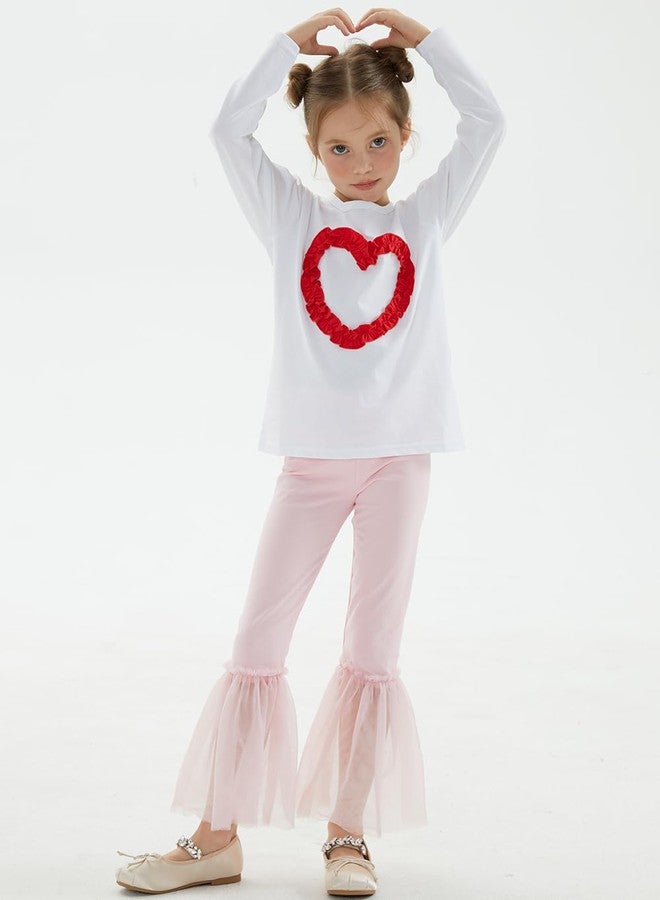Noomelfish Girls Ruffle Leggings Tulle Bell Bottoms Flare Pants Trousers (3-10 Years), Pink, 7-8 Years - Image 4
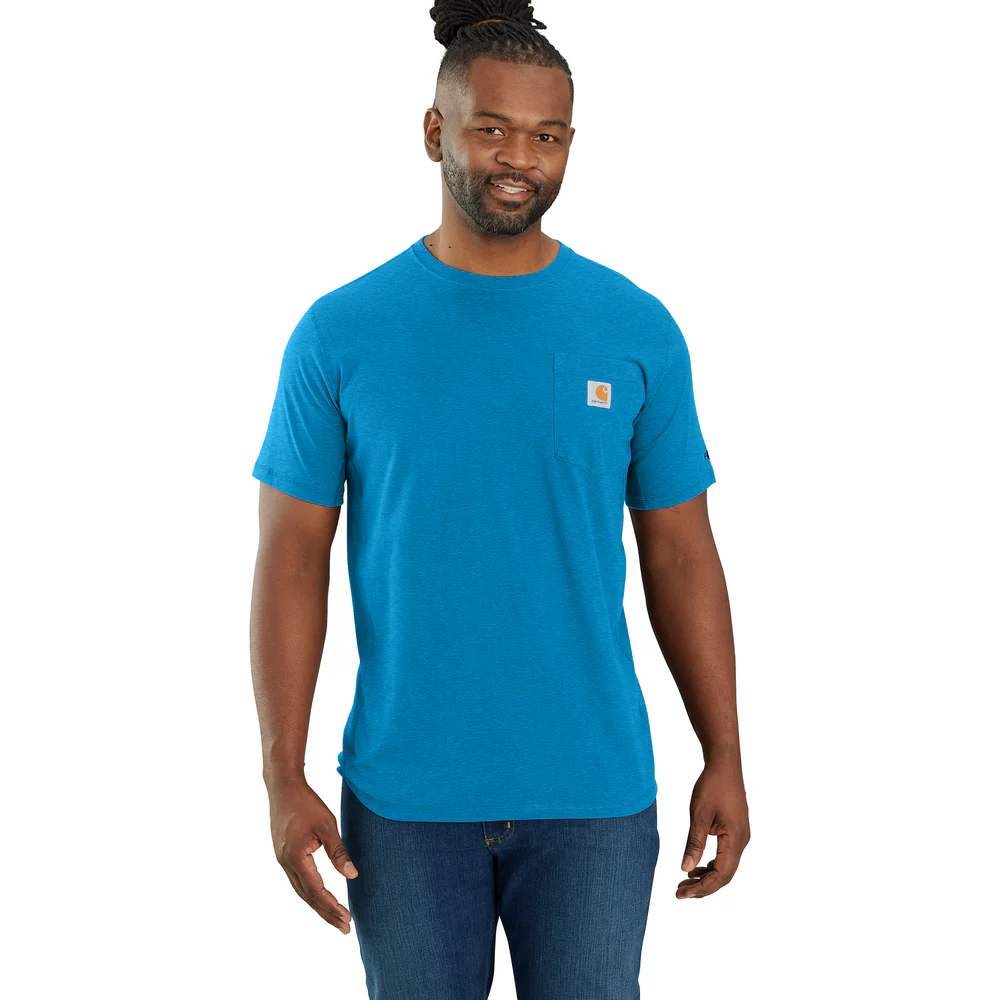 Force Relaxed Fit Midweight Short-Sleeve Pocket T-Shirt - HL5-Engineer Blue Heather | Carhartt 106652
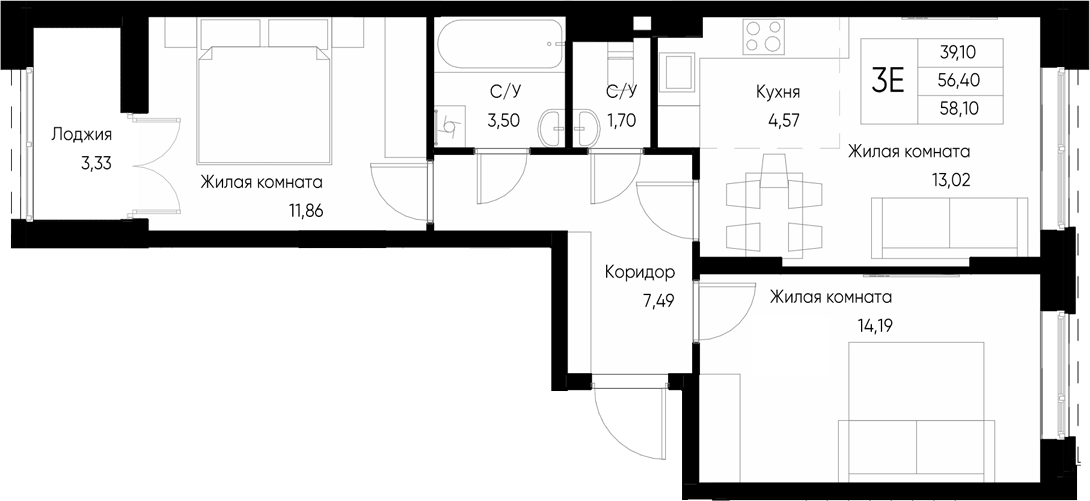 Планировка — Васильевский остров, 3-комн., 56 м²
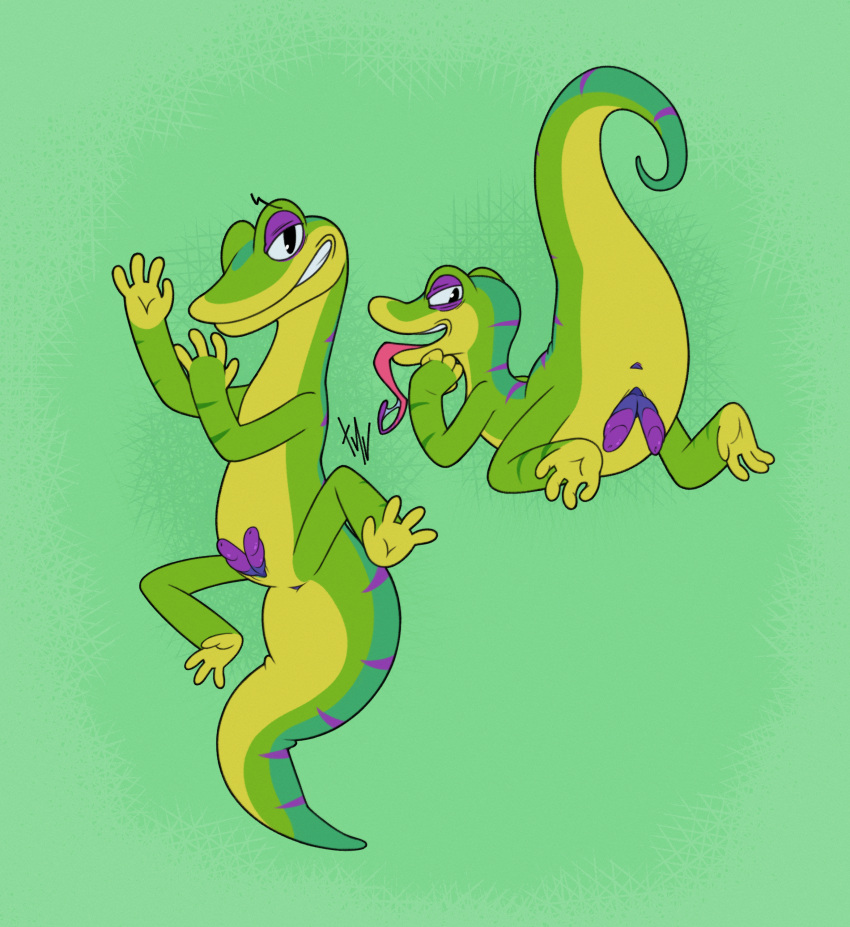 2_penises absurd_res animal_genitalia anthro anus big_tail colored feet gecko genitals gex_(series) gex_the_gecko green_body hi_res lizard long_body long_tongue male multi_genitalia multi_penis penis presenting purple_penis raised_tail reptile scalie sheath simple_background smug solo stripes tail thick_tail tongue xnv69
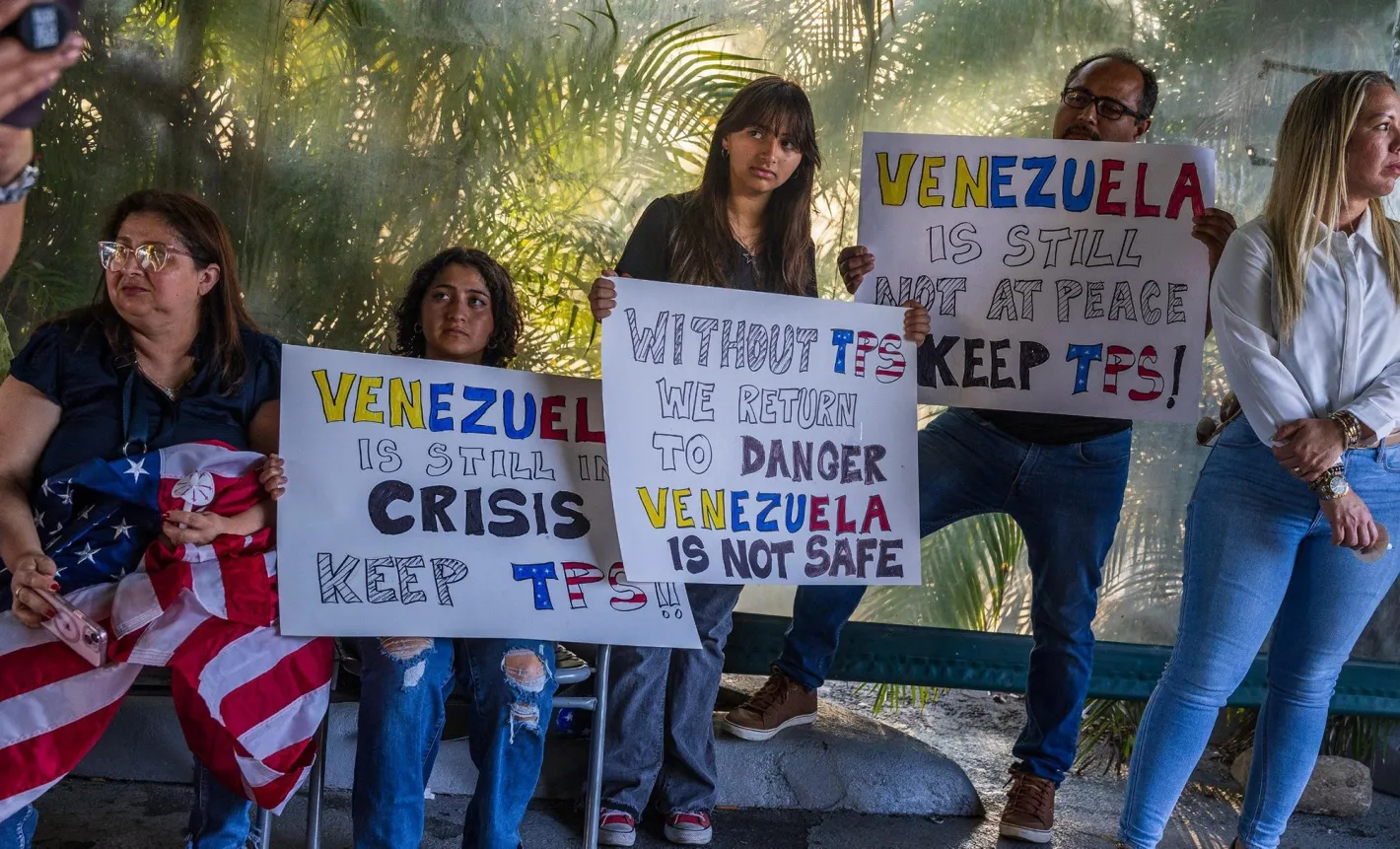 Venezuelans attend a vigil to show support for extending Temporary Protected Status in Doral.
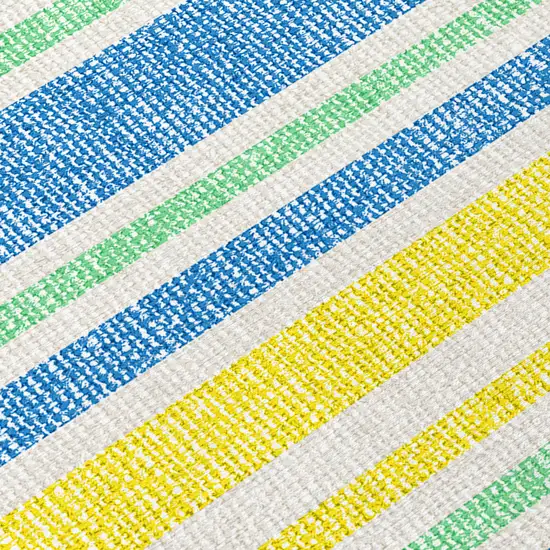 Blue Yellow and Green Striped Washable Non Skid Indoor Outdoor Runner Rug Photo 5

=-=-=-=-=

• **Task item**
With the images omitted, repeat all the data word for word.

• **Finished exercise**
Noomelfish Girls Ruffle Leggings Tulle Bell Bottoms Flare Pants Trousers (3-10 Years), Pink, 7-8 Years - Image 4
 Force Relaxed Fit Midweight Short-Sleeve Pocket T-Shirt - HL5-Engineer Blue Heather | Carhartt 106652
 Планировка — Васильевский остров, 3-комн., 56 м²
 2_penises absurd_res animal_genitalia anthro anus big_tail colored feet gecko genitals gex_(series) gex_the_gecko green_body hi_res lizard long_body long_tongue male multi_genitalia multi_penis penis presenting purple_penis raised_tail reptile scalie sheath simple_background smug solo stripes tail thick_tail tongue xnv69
 Venezuelans attend a vigil to show support for extending Temporary Protected Status in Doral.
 Blue Yellow and Green Striped Washable Non Skid Indoor Outdoor Runner Rug Photo 5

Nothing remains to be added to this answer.